Instructions for the task |
Both the line below containing "25mm Doppelstecker, Chrom – Furnica" and the line containing "Cam Jordan New", along with every line between them, should be repeated exactly; no other line belongs in the answer.

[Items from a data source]
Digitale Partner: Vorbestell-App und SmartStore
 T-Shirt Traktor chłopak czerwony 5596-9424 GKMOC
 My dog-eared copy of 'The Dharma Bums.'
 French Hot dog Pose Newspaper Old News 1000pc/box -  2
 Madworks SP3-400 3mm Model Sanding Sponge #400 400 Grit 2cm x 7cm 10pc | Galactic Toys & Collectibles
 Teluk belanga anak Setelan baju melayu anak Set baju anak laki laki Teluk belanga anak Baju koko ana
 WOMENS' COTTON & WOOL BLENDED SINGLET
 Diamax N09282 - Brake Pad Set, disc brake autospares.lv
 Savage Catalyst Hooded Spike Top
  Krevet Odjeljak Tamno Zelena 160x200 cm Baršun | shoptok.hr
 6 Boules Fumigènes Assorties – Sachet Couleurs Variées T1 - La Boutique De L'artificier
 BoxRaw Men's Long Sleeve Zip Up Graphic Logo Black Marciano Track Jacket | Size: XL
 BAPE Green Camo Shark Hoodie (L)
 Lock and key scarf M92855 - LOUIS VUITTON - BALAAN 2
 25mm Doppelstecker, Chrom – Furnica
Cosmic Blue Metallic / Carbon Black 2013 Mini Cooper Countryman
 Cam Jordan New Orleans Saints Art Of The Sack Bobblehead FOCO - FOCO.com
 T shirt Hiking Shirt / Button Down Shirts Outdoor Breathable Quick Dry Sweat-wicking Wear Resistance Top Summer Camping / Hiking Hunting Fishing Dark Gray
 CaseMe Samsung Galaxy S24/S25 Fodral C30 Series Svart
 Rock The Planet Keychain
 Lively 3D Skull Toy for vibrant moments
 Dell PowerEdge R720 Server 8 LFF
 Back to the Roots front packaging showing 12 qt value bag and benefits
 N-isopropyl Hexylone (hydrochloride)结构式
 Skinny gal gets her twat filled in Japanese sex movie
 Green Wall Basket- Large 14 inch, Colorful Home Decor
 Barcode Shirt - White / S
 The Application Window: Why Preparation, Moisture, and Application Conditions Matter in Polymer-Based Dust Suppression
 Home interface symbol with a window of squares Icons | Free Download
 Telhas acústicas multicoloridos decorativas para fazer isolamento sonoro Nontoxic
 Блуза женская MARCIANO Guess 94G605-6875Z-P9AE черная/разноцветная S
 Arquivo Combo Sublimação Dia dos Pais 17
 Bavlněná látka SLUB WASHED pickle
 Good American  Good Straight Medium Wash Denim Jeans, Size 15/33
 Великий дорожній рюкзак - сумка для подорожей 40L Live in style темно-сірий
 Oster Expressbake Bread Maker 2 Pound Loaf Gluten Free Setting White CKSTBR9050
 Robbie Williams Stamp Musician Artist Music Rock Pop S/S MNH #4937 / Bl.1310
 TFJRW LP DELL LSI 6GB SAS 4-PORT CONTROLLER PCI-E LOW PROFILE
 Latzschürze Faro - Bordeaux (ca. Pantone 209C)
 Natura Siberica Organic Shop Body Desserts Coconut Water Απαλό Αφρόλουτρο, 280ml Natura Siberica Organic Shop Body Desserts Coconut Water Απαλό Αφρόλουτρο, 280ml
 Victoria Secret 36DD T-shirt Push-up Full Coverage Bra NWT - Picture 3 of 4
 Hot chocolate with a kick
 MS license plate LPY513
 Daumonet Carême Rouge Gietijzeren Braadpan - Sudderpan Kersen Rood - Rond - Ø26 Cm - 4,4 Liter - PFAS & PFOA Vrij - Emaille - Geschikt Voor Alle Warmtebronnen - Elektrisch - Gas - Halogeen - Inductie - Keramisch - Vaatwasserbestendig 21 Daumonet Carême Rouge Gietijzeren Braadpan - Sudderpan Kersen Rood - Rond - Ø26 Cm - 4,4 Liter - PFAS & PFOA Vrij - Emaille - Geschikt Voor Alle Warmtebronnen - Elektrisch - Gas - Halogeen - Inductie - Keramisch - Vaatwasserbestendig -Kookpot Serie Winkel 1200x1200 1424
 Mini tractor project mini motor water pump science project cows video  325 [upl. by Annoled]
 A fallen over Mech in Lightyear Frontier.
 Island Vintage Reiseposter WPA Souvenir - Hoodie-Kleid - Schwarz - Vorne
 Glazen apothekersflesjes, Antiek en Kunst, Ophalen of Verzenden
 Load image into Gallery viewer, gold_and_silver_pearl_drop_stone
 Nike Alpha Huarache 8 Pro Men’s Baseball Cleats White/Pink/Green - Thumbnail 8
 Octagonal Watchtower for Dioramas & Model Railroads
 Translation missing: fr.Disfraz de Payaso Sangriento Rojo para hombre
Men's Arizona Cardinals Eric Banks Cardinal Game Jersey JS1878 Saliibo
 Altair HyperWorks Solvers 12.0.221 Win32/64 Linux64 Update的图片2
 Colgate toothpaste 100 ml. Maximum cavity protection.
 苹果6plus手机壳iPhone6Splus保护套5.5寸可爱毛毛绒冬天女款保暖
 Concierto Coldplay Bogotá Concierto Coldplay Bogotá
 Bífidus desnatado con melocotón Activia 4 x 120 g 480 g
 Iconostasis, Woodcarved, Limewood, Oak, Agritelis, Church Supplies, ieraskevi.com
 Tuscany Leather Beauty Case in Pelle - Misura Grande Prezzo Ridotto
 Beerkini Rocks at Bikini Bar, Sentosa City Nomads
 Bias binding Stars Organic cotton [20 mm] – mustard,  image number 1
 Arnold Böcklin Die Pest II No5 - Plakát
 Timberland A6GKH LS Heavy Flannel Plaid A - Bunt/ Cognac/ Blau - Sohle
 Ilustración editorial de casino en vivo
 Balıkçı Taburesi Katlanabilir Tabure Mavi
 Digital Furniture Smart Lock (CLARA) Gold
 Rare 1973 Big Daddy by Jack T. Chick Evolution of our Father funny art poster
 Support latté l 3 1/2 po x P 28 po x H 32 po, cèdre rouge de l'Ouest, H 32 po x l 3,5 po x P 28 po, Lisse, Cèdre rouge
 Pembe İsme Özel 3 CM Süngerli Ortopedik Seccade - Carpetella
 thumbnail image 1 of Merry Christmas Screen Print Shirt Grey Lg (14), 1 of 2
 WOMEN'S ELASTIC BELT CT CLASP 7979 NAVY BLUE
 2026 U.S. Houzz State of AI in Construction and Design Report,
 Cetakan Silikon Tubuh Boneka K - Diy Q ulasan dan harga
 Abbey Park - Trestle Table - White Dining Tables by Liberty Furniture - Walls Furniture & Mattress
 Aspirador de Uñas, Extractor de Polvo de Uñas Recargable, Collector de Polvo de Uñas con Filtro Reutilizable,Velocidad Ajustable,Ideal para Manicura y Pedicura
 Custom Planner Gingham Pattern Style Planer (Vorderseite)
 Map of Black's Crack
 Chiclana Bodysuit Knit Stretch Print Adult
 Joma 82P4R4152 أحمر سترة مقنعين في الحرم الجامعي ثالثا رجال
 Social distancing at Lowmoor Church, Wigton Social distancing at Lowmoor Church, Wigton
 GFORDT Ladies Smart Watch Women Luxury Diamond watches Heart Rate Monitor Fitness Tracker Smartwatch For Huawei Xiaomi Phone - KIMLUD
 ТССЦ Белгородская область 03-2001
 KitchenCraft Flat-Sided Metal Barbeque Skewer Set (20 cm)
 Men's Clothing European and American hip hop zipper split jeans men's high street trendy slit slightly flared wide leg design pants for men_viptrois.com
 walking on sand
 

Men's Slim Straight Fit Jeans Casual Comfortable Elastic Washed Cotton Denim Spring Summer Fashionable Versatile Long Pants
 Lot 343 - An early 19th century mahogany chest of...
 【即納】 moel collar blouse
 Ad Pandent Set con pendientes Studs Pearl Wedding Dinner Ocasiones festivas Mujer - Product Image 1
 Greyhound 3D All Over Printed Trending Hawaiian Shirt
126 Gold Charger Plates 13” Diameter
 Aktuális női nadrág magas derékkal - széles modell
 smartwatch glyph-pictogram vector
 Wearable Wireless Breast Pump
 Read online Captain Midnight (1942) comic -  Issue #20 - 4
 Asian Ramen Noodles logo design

Reply to the exercise |
 25mm Doppelstecker, Chrom – Furnica
Cosmic Blue Metallic / Carbon Black 2013 Mini Cooper Countryman
 Cam Jordan New Orleans Saints Art Of The Sack Bobblehead FOCO - FOCO.com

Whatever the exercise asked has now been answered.